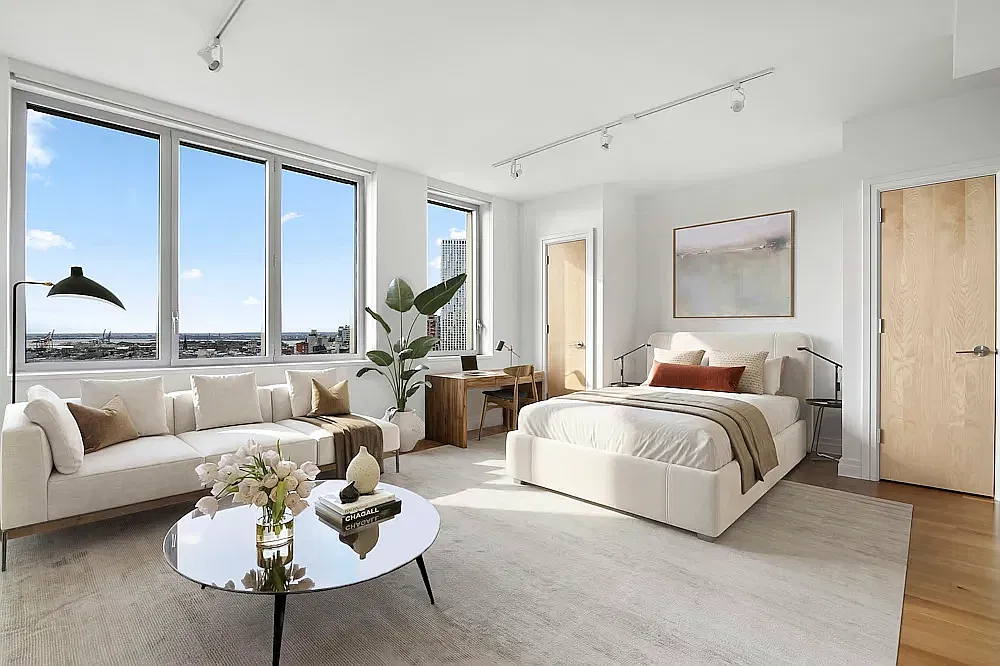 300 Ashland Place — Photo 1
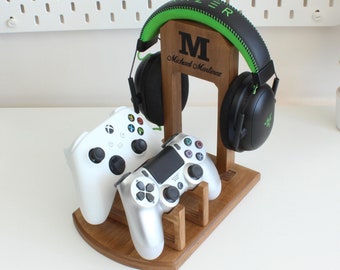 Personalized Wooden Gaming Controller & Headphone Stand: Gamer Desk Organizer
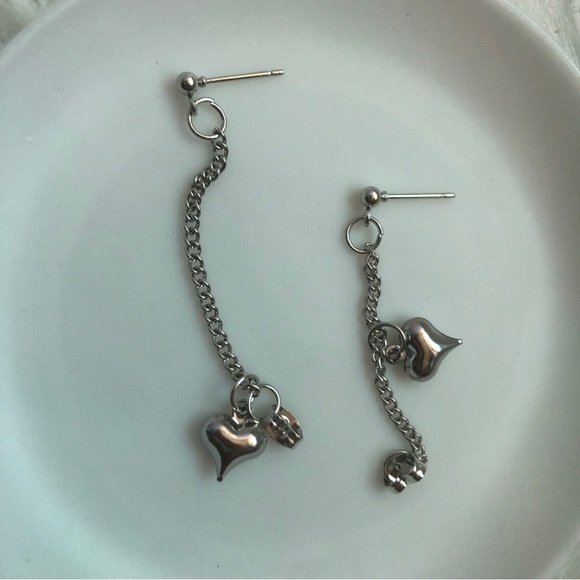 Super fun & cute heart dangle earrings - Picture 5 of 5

...

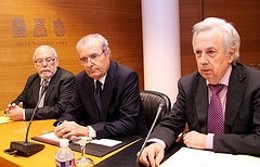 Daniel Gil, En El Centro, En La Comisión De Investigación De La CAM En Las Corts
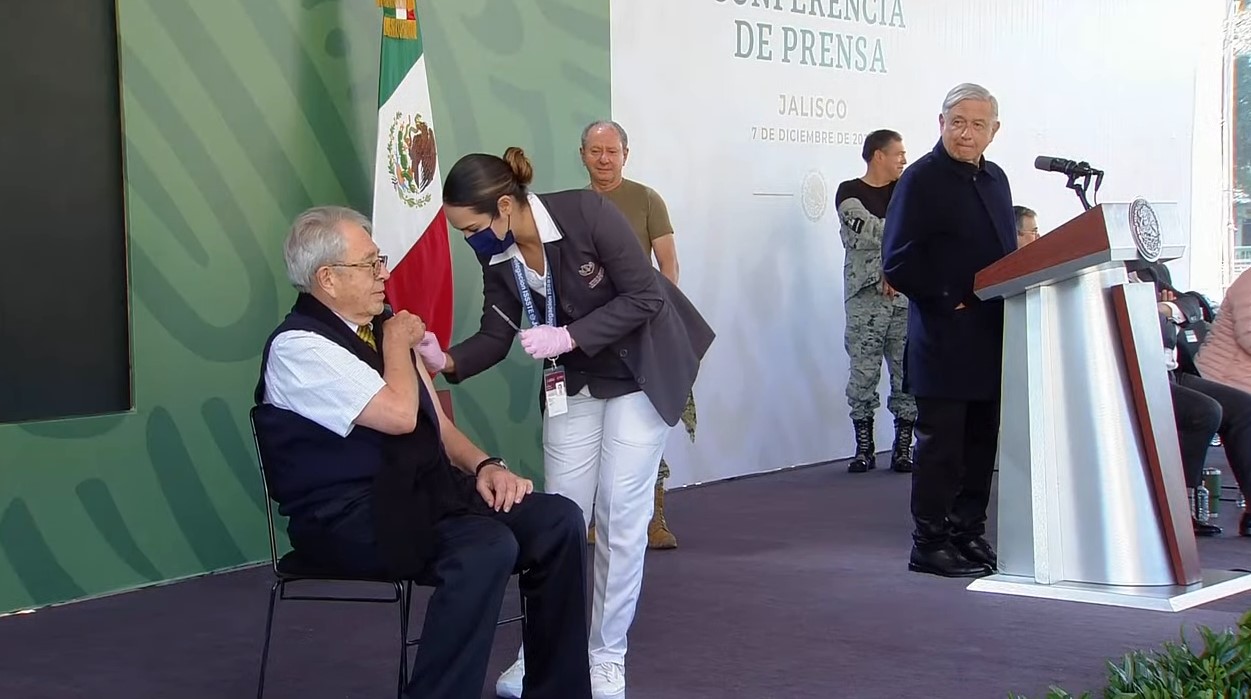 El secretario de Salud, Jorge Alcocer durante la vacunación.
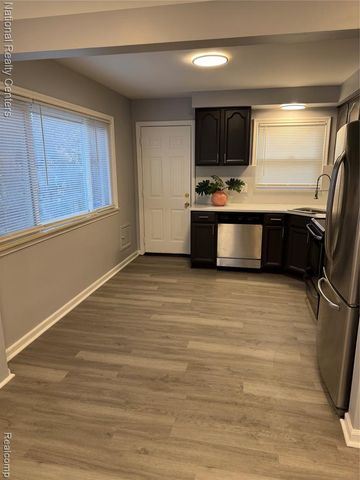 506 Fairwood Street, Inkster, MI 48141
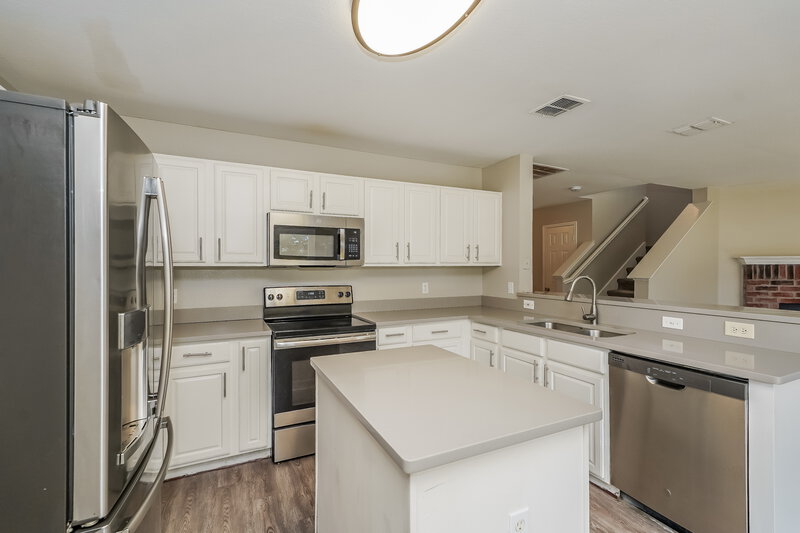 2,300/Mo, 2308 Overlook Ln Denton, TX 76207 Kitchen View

==

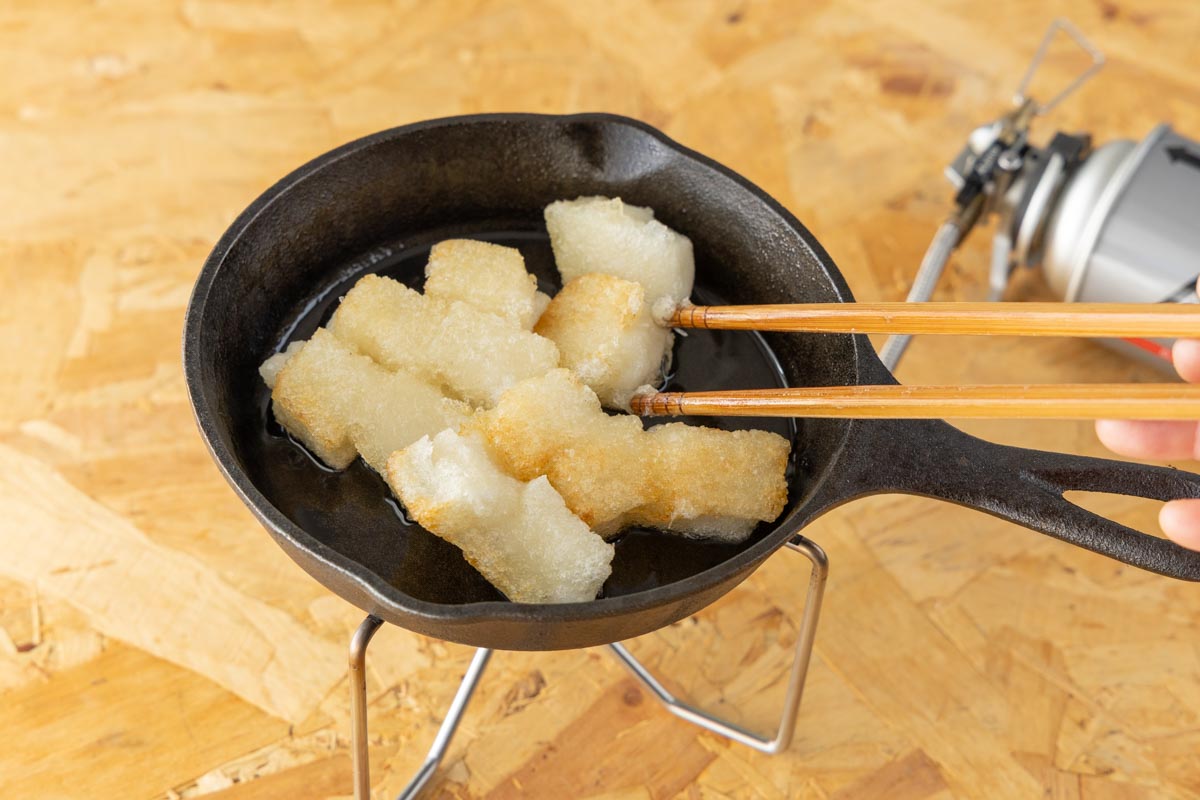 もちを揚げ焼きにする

● Your goal
Give back exactly the lines above that run from the one with "El secretario de" to the one with "2,300/Mo, 2308 Overlook", including both, with the pictures left out.

● Solution
 El secretario de Salud, Jorge Alcocer durante la vacunación.
 506 Fairwood Street, Inkster, MI 48141
 2,300/Mo, 2308 Overlook Ln Denton, TX 76207 Kitchen View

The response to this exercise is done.